WHAT IS EXPECTED:
Below are the records; copy exactly the stretch from the line containing "WBXHT3C30G5F63649 BMW X1 Xdrive28i" through the line containing "Walmart close on Christmas Eve 2019 ...", both ends included, and nothing else.

MATERIAL PROVIDED:
BEGIN

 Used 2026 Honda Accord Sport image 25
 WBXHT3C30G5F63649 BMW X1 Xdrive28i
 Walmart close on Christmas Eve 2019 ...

END
BEGIN

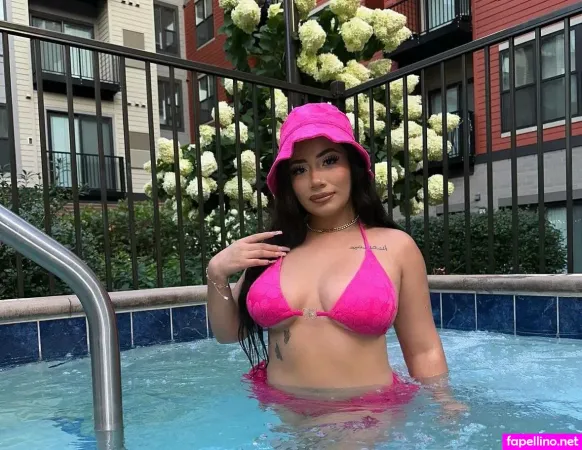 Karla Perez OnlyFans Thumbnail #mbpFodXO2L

END
BEGIN

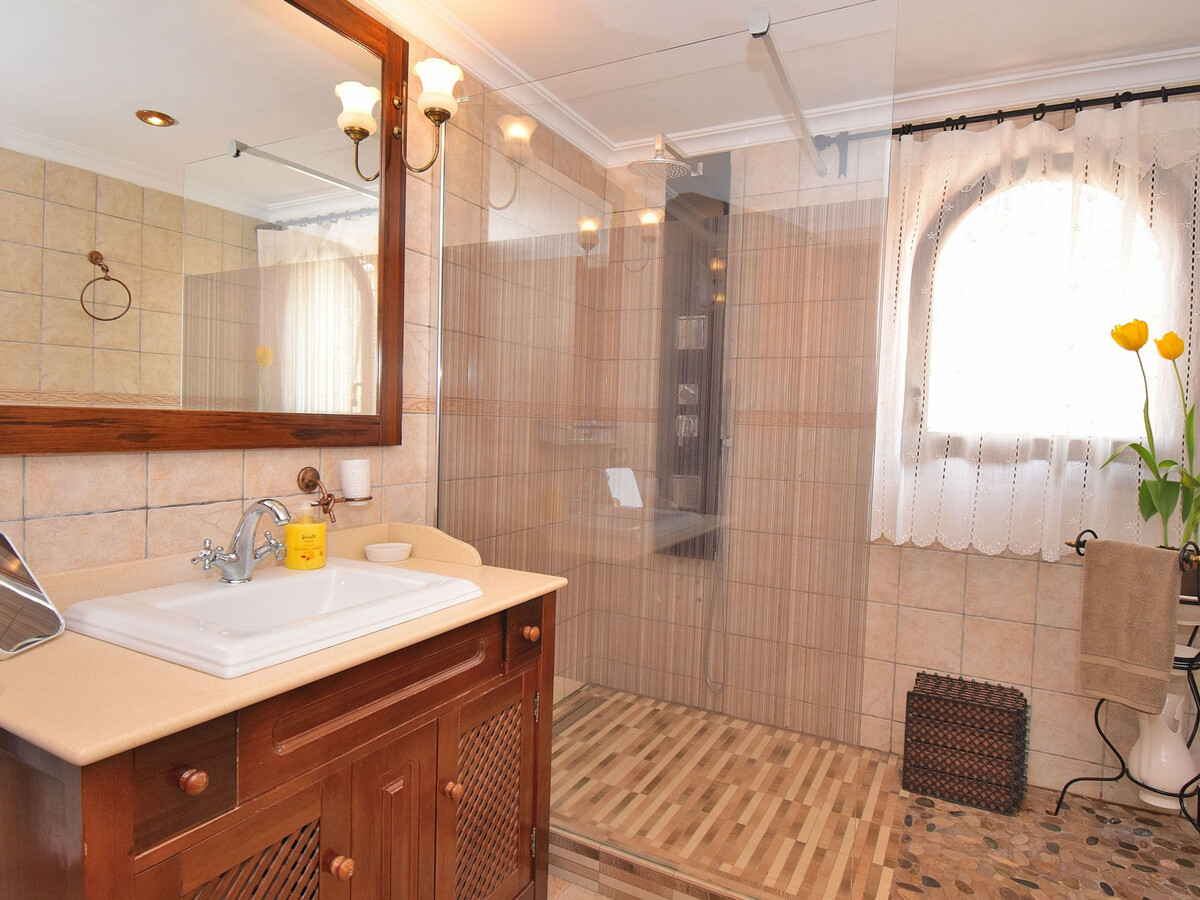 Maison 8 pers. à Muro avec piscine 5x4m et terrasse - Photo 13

END

RESULT FOR THIS EXERCISE:
 WBXHT3C30G5F63649 BMW X1 Xdrive28i
 Walmart close on Christmas Eve 2019 ...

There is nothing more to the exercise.